Understanding Multi-Armed Bandits: A Gateway to Reinforcement Learning

Introduction

Multi-armed bandits (MAB) represent one of the simplest yet most profound examples of the exploration-exploitation dilemma in reinforcement learning. In this blog post, we’ll explore what multi-armed bandits are, implement a simple solution, and see how they connect to broader reinforcement learning concepts.

What is a Multi-Armed Bandit?

The term “multi-armed bandit” comes from imagining a gambler at a row of slot machines (one-armed bandits), deciding which machines to play to maximize their returns. Each machine has its own probability distribution of rewards, unknown to the gambler.

Implementing a Simple Bandit Environment

Let’s first create a simple environment to simulate our slot machines:

import numpy as np
import matplotlib.pyplot as plt
from typing import List, Tuple

class SlotMachine:
    def __init__(self, mean: float, std: float = 1.0):
        self.mean = mean
        self.std = std
    
    def pull(self) -> float:
        return np.random.normal(self.mean, self.std)

class BanditEnvironment:
    def __init__(self, means: List[float], stds: List[float]):
        self.machines = [SlotMachine(mean, std) 
                        for mean, std in zip(means, stds)]
        self.n_machines = len(means)
        
    def pull_arm(self, arm: int) -> float:
        return self.machines[arm].pull()

# Create an environment with 5 slot machines
true_means = [1.0, 2.0, 3.0, 1.5, 0.5]
true_stds = [1.0, 1.0, 1.0, 1.0, 1.0]
env = BanditEnvironment(true_means, true_stds)

Epsilon-Greedy Strategy

One of the simplest strategies for solving the multi-armed bandit problem is the ε-greedy approach. Here’s an implementation:

class EpsilonGreedy:
    def __init__(self, n_arms: int, epsilon: float = 0.1):
        self.n_arms = n_arms
        self.epsilon = epsilon
        self.q_values = np.zeros(n_arms)
        self.arm_counts = np.zeros(n_arms)
        
    def select_arm(self) -> int:
        if np.random.random() < self.epsilon:
            return np.random.randint(self.n_arms)
        return np.argmax(self.q_values)
    
    def update(self, arm: int, reward: float):
        self.arm_counts[arm] += 1
        n = self.arm_counts[arm]
        self.q_values[arm] = ((n - 1) / n) * self.q_values[arm] + (1 / n) * reward

# Run an experiment
def run_experiment(agent, env, n_steps: int) -> Tuple[List[float], List[int]]:
    rewards = []
    chosen_arms = []
    
    for _ in range(n_steps):
        arm = agent.select_arm()
        reward = env.pull_arm(arm)
        agent.update(arm, reward)
        rewards.append(reward)
        chosen_arms.append(arm)
        
    return rewards, chosen_arms

# Run and plot results
agent = EpsilonGreedy(len(true_means))
n_steps = 1000
rewards, chosen_arms = run_experiment(agent, env, n_steps)

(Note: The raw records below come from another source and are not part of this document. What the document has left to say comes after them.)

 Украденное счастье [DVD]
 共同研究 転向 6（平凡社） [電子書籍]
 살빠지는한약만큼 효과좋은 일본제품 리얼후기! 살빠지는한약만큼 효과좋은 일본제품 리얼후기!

plt.figure(figsize=(8, 5))

# Plot rewards
plt.subplot(1, 2, 1)
plt.plot(np.cumsum(rewards) / np.arange(1, n_steps + 1))
plt.xlabel('Steps')
plt.ylabel('Average Reward')
plt.title('Average Reward Over Time')

# Plot arm selection frequencies
plt.subplot(1, 2, 2)
plt.bar(range(len(true_means)), 
        [np.mean(np.array(chosen_arms) == i) for i in range(len(true_means))])
plt.xlabel('Arm')
plt.ylabel('Selection Frequency')
plt.title('Arm Selection Frequencies')
plt.tight_layout()
plt.show()

Connection to Reinforcement Learning

Multi-armed bandits are essentially a simplified version of the full reinforcement learning problem. Here’s how they relate:

States: Bandits are stateless RL problems. In full RL, actions can change the state of the environment.
Actions: Each arm pull is an action, just like in RL.
Rewards: The reward mechanism is the same as in RL - immediate feedback after each action.
Exploration vs. Exploitation: This fundamental tradeoff in bandits appears throughout RL.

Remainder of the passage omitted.